For Mike Garrett, the objective is to win. He's seen bigger wins and bigger game day experiences, but he's happy to be back.
"It's always nerve-racking and it's always fun," Garrett said.
A former Heisman Trophy winner at Southern Cal and former NFL player, Garrett is now the athletic director at NAIA Langston University. Before the Lions, Garrett was fired as athletic director with the Trojans after the NCAA deemed he mishandled rules violations. He still stands by his tenure there.
"When you're as good as you are at USC, you don't have to do things that are outside the rules and thing that happen were with the student-athlete and their family," Garrett said.
But his mission to serve college athletes didn't change, he found a new beginning. He received a call about an opportunity to become athletic director at a school where the crowds are sparse, the band is the main draw and the background setting is the flat plains of Oklahoma. So why take on this position?

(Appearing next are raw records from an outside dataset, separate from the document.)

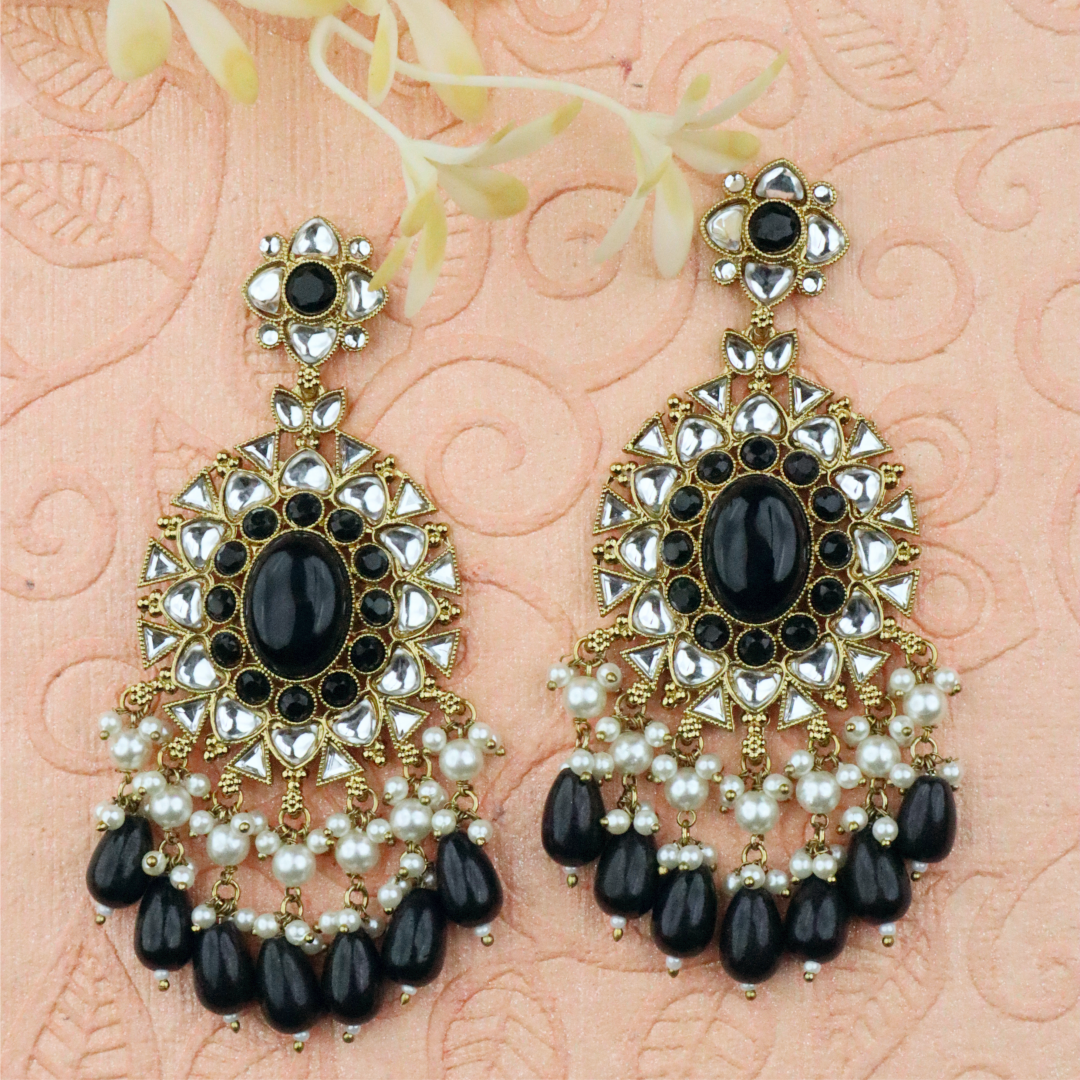 Long Brass Earring P4364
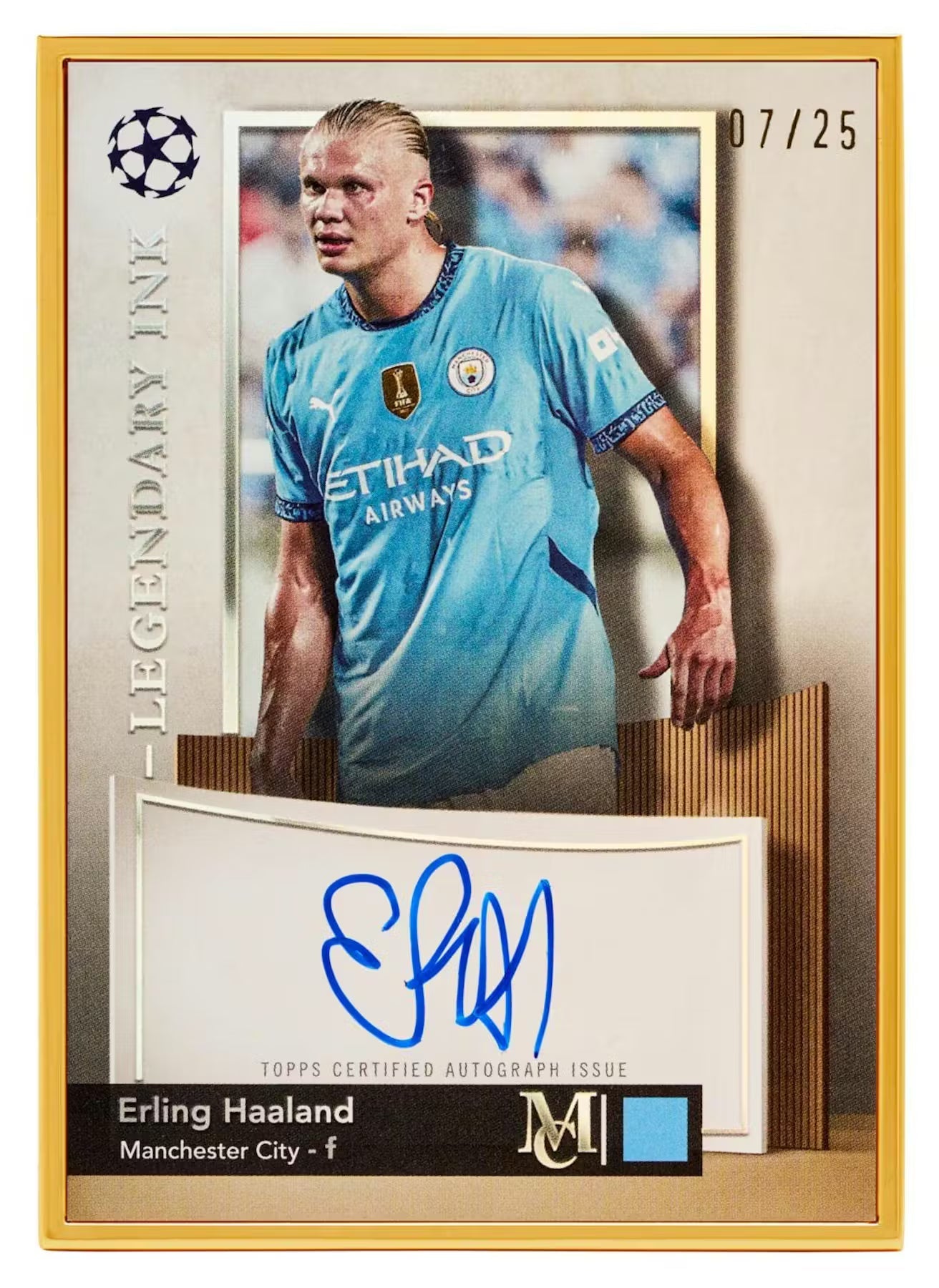2025 Topps UEFA Club Competitions Museum Collection Hat Trick Hobby Trading Cards LV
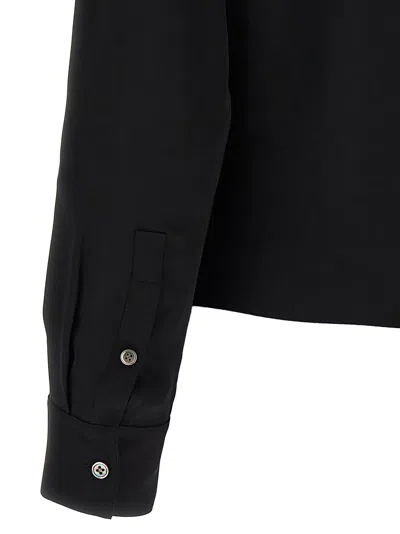 Theory 'pk Label Wrap' Blouse In Black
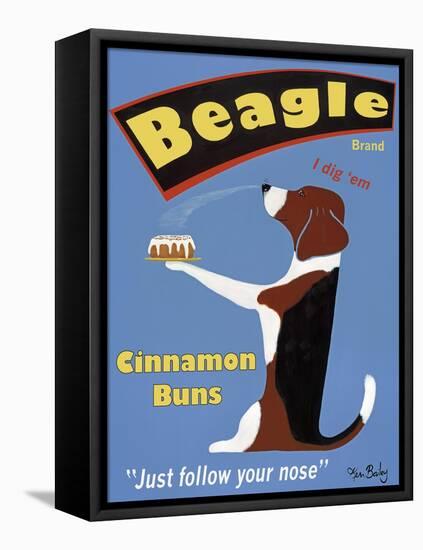 Beagle Buns-Ken Bailey-Framed Premier Image Canvas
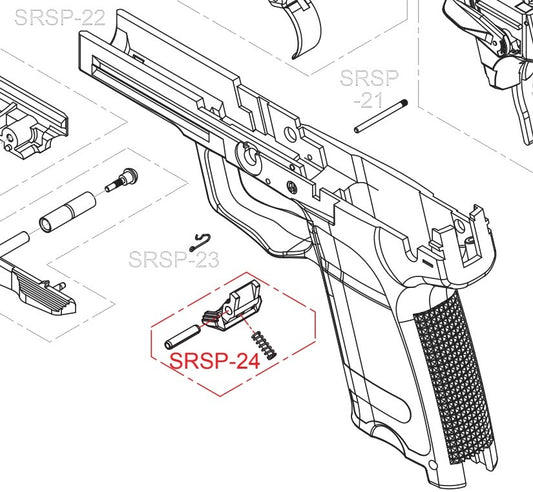 SRC SR-SP / USP Magazine Catch (release)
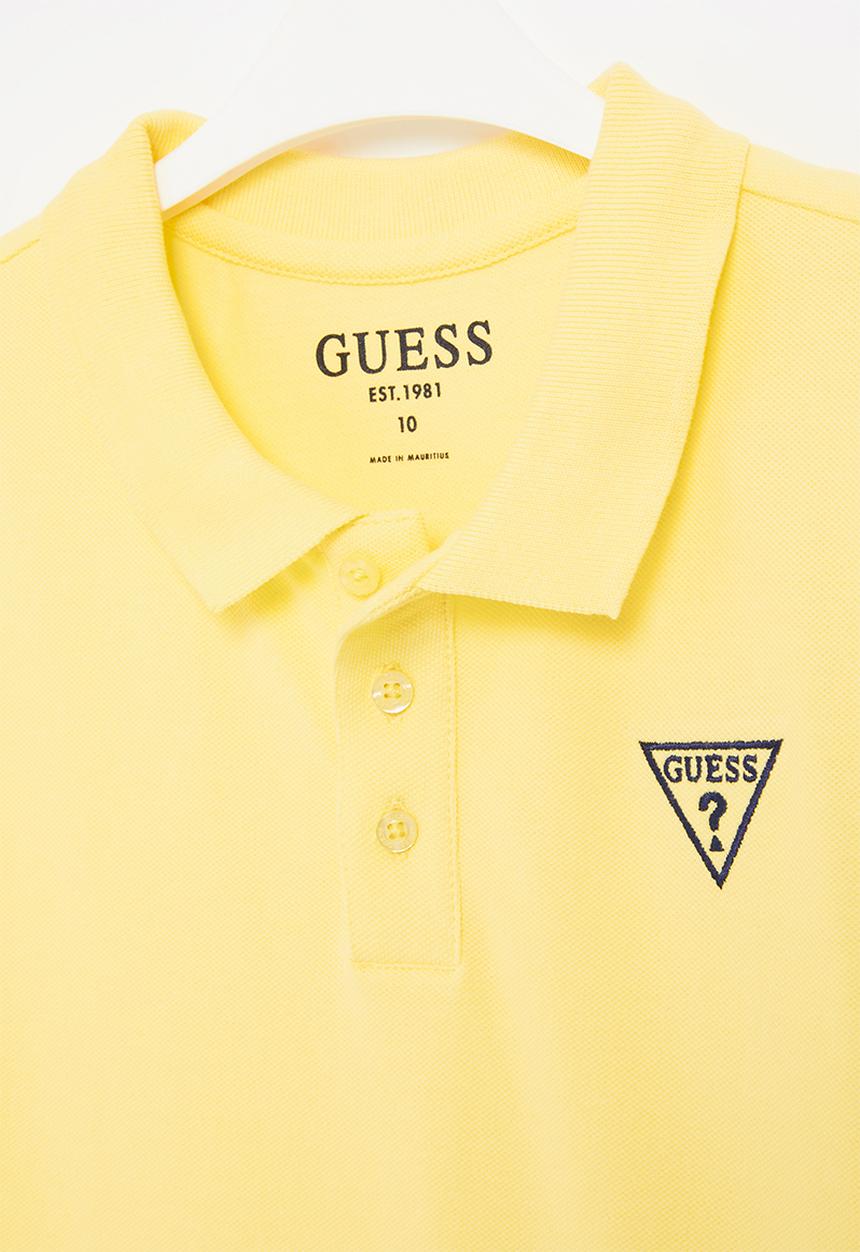 GUESS - Core embroider golfer - yellow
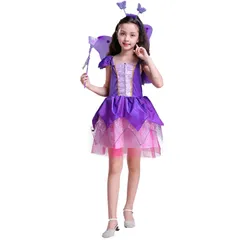 [JOMA-E Shop] ハロウィン コスプレ衣装 子供 女の子 魔女 精霊 仮装 衣装 キッズ プリンセス ドレス コスチューム クリスマス 誕生日プレゼント お祭り 縁日 子供会 花の妖精 ウィッチ 変装 舞台服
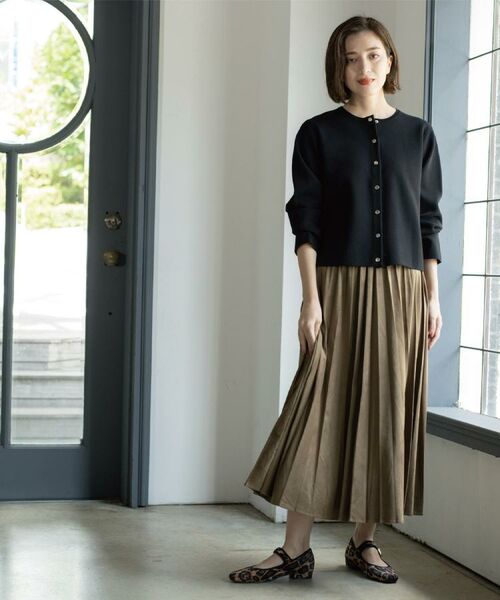 OPAQUE.CLIP / オペーク ドット クリップ カーディガン・ボレロ | スナップボタンニットカーディガン【UVケア/洗濯機OK】《6col/S~LL》 | 詳細11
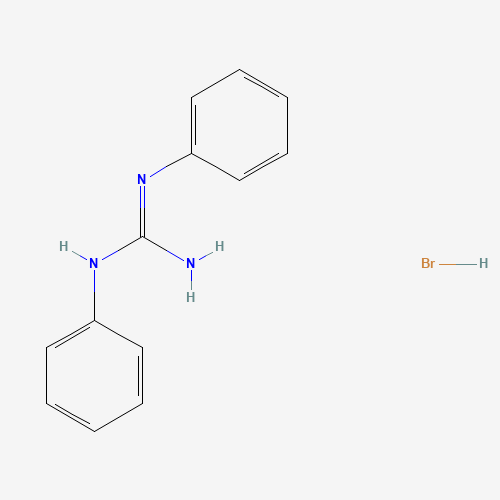 1,2-Diphenylguanidine hydrobromide (1:1) (CAS: 93982-96-8) - Chemical Structure and Molecular Formula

"All the time I was at USC I was thinking one day, if I could do something for my community, I would do it," Garrett explained. "I grew up in Garrett Government projects. My family was always worried about if you could pay the bills. I took this program on because it reflected my neighborhood and my community."
There's a lot to build up. The program has modest athletic history; his main goals he had at USC are the same at Langston. He hopes to move up to Division II in the next three to five years, which means more money in the athletic budget, which means pressure to win.
First year head coach Dwone Sanders said, "This man was the very best in the country on his level. Just think what he expects from his head football coach and football team. So, yes, pressure, it's there."
Garrett says he will continue to make Langston a force to reckon with in the near future. And not just making the college a name recognized as an Historically Black University, but a name-brand. It just starts with desire.
"Do I like to do all the jobs I have to do, no," Garrett said. "But the fact is that's what we have to do to turn the program around. May it be Los Angeles our Langston, the task doesn't change."